- Farmers and ranchers bench-testing gasoline power saws or using combustible heaters for warming indoor maintenance areas risk exposure to lethal doses of carbon monoxide, warns William Steinke, a UC Davis Cooperative Extension farm safety specialist. Symptoms of carbon monoxide poisoning include headaches, slurred speech, sleepiness and dizziness and may be noticed within minutes or several hours. To treat victims, remove them from the gas-filled area and immediately take them to a doctor. Accidental poisonings can be prevented by installing carbon monoxide detectors, similar to smoke detectors, in maintenance shop areas.
- Herbs are a fast growing segment of the specialty crop market, according to the December 1997 issue of Central Coast Family Farm Report. The top 10 herbs in terms of sales in 1996 included (in order of sales) echinacea, garlic, ginseng, ginko, goldenseal, ma huang, psyllium, Siberian ginseng, saw palmetto and cascara sagrada.
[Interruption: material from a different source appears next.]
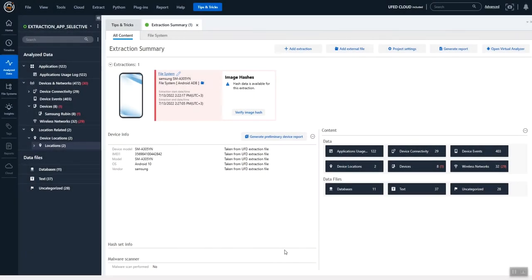Hi everyone, Heather Mihalik here with another Tip Tuesday. This week I want to share with you a MINI dump that we have inside Physical Analyzer highlighting Samsung Rubin. This is a unique Samsung source that contains records of visited locations, device events, different connectivity, and more. This is similar, if you will, to iOS Knowledge C.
Herbs projected for future growth include cat's claw, ginko, kava kava, bilberry, elderberry and grape seed. One third of the nation's adults spend an average of $54 per year on herbal remedies to treat common health conditions. The leading uses of herbs for health problems include colds (59% of respondents), burns (45%), headaches (22%), allergies (21%), rashes (18%), and insomnia (18%).
- Ellen Straus, cofounder of Marin Agricultural Land, the first agricultural land trust in the nation, received the American Farmland Trust's second annual $10,000 Steward of the Land Award. The award recognize s her efforts in farmland conservation policy, protection of open space, and the use of environmentally and economically sustainable farming practices. Straus and her family own the Straus Family Creamery, an organic dairy in Marin County.